PROBLEM TO WORK ON: Each line below that contains the word "Blue" must be copied.

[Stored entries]
....
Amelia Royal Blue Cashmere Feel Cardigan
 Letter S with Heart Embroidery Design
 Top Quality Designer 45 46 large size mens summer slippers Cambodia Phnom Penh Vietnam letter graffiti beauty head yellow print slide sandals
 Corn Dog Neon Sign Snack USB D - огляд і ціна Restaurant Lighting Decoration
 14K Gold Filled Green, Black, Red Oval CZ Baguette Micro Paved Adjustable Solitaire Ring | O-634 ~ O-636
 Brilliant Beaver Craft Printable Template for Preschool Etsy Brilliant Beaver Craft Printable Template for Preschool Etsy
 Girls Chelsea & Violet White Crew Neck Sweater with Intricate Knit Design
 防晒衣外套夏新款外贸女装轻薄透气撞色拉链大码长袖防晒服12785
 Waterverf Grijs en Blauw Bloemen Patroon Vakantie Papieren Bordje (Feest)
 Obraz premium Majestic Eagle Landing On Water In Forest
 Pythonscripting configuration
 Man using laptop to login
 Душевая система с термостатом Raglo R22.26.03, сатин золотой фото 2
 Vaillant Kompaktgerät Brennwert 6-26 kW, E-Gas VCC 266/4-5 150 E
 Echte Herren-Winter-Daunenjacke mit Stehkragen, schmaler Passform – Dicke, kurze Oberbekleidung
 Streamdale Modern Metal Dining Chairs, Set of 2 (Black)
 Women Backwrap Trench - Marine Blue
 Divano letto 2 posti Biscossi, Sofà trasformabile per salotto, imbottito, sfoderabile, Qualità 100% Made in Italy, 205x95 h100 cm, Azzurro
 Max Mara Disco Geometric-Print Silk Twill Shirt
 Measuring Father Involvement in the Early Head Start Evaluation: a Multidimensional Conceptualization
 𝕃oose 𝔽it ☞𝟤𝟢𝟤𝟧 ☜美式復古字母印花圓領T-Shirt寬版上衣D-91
....
RESPONSE TO THIS TASK:
Amelia Royal Blue Cashmere Feel Cardigan
 Women Backwrap Trench - Marine Blue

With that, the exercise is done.